(Task to complete):
Please return the data word for word and leave out any picture it contains.

(Provided data):
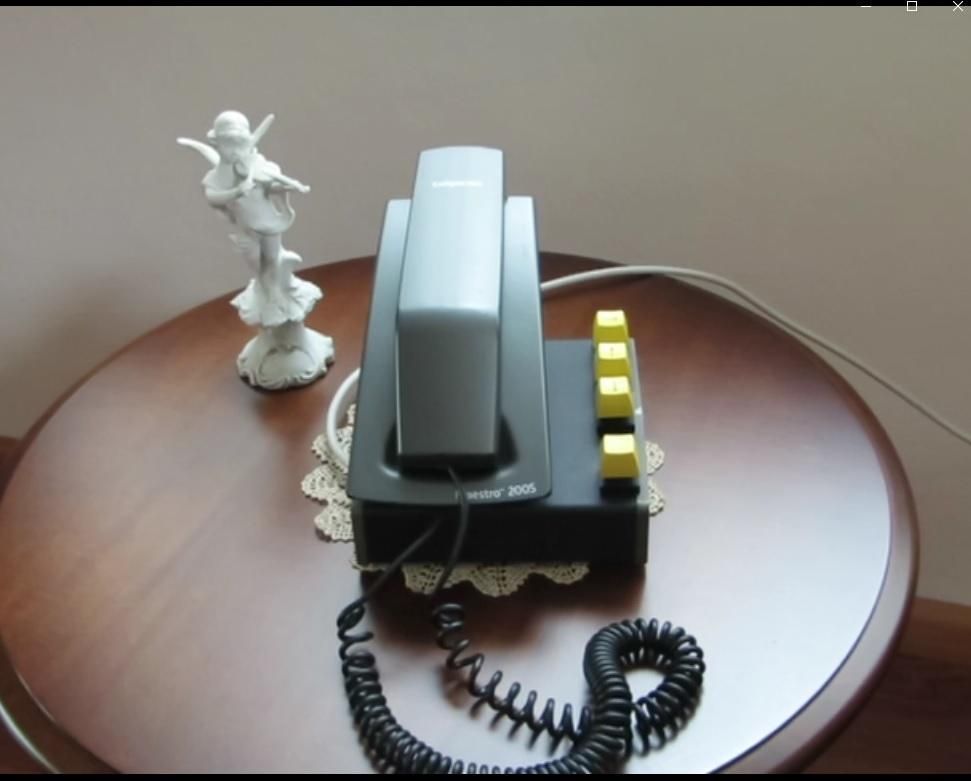 Talking and Dialing Telephone As an Aid for Blind People.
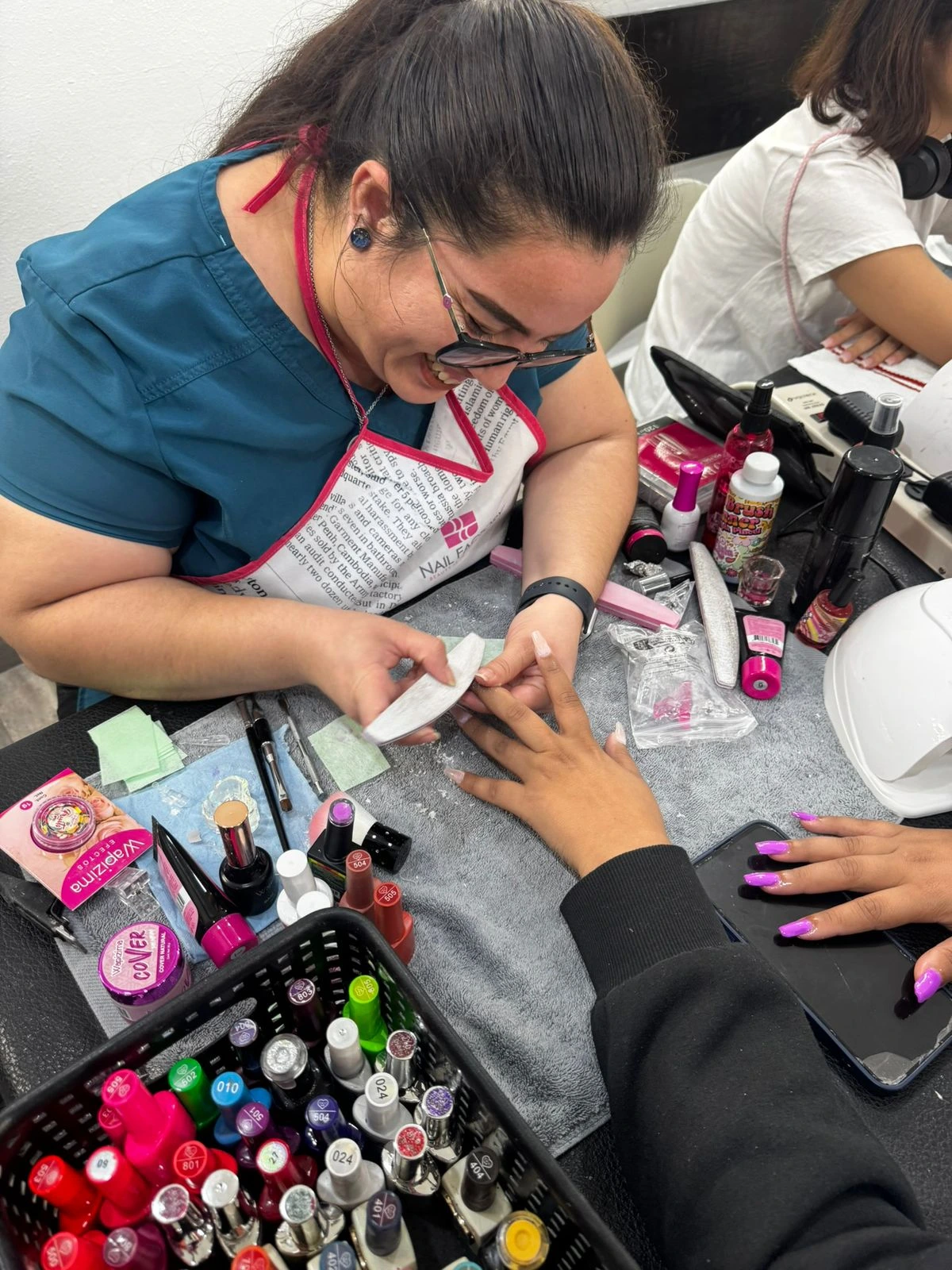 Manicure y Pedicure SPA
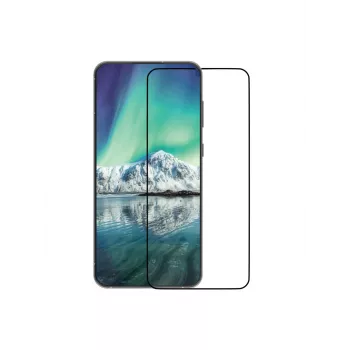dbramante1928 eco-shield - Galaxy S24+ - Μαύρο edge Βασκληρυμένο γυαλί Προστασία οθόνης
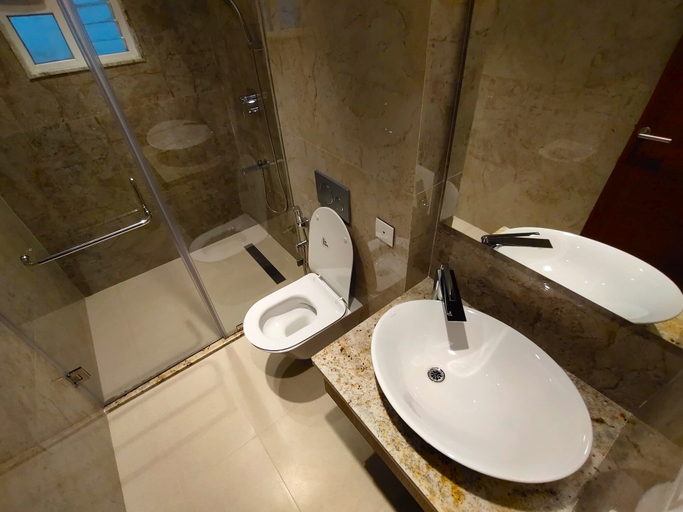 Bathroom 4, THE PARADISE KINGDOM, Kancheepuram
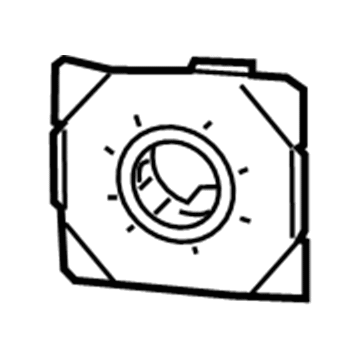 Lexus 89348-48010 RETAINER, Ultrasonic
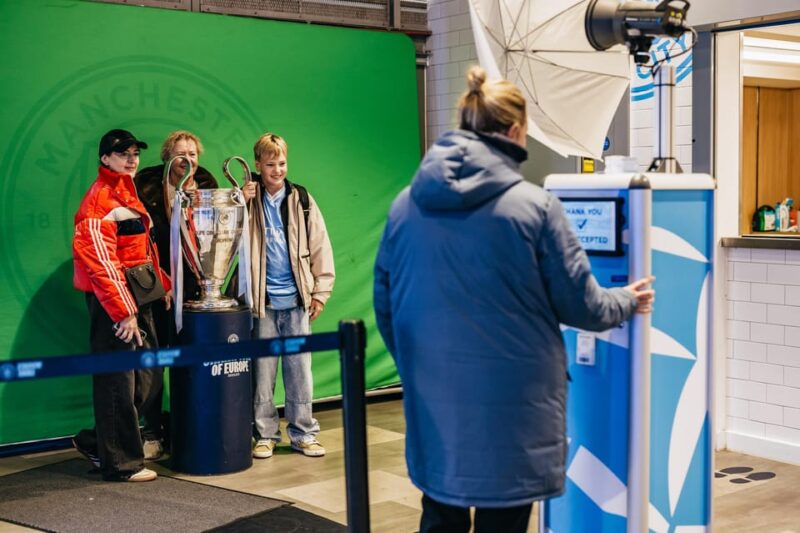 Etihad Stadium: The Manchester City Stadium Tour - Key Points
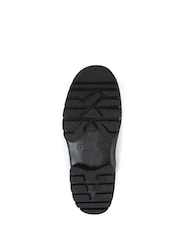 Pavers Black Mens Wide Fit Snow Boots - Image 5 of 5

(Response to the exercise):
 Talking and Dialing Telephone As an Aid for Blind People.
 Manicure y Pedicure SPA
dbramante1928 eco-shield - Galaxy S24+ - Μαύρο edge Βασκληρυμένο γυαλί Προστασία οθόνης
 Bathroom 4, THE PARADISE KINGDOM, Kancheepuram
 Lexus 89348-48010 RETAINER, Ultrasonic
 Etihad Stadium: The Manchester City Stadium Tour - Key Points
 Pavers Black Mens Wide Fit Snow Boots - Image 5 of 5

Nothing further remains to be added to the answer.